Chapters 5 and 9 impacted me because I think they catch the very essence of the Psalms, and of the point of human existence. In “The Fair Beauty of the Lord” Lewis speaks of Psalms that are simply gushing with pleasure over God’s law, God’s presence, and God’s temple. He says this:
I have rather—though the expression may seem harsh to some—called this the “appetite for God” than “the love of God”. The “love of God” too easily suggests the word “spiritual” in all those negative or restrictive senses, which it has unhappily acquired. These old poets do not seem to think that they are meritorious or pious for having such feelings; nor on the other hand, that they are privileged in being given the grace to have them…It has all the cheerful spontaneity of a natural, even physical desire. (p.51).
Their desire for God is not out of piety, duty, or coercion. There is such a thing as “desire for God” that has nothing to do with religious obligation. Ah, what a blessed relief to know what “appetite” he is talking about!
He more explicitly states in Chapter 9 what he is implying in Chapter 5—that to glorify God IS to enjoy Him. To delight in Him IS to glorify him. In my head I was hearing John Piper’s voice and watching his wild hand motions as I read:
I think we delight to praise what we enjoy because the praise not merely expresses but completes the enjoyment; it is its appointed consummation. (p. 95)
The Scotch catechism says that man’s chief end is “to glorify God and enjoy Him forever”. But we shall then know that these are the same thing. Fully to enjoy is to glorify. In commanding us to glorify Him, God is inviting us to enjoy Him. (p. 97)
This is so exquisitely freeing! If you want to know more, just go to Desiring God and look up “Christian Hedonism.”
If I had one negative critique for this book it would be C.S. Lewis’ seemingly low view of scripture. While he makes clear in places that he believes the Bible to be an inspired narrative and strongly influenced by God, he tends to cherry-pick what he thinks is edifying, true, and morally upright and what isn’t. I disagreed with this quote from Chapter 11:
The human qualities of the raw materials show through. Naivety, error, contradiction, even (as in the cursing Psalms) wickedness are not removed.
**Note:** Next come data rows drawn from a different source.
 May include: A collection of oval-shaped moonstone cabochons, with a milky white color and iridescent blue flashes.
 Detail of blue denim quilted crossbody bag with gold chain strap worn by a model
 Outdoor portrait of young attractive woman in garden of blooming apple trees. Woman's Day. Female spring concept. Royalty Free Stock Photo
The total result is not “the Word of God” in the sense that every passage, in itself, gives impeccable science or history. (p. 112)
I hold that every word of the LORD proves true (Proverbs 30:5) and all scripture is breathed out by God and profitable for teaching, for reproof, for correction, and for training in righteousness (2 Tim 3:16).
Overall this was a fantastic read and I would recommend it. Just be sure to read it as it is intended to be read—as a collection of essay/blog post/reflections and not as a commentary.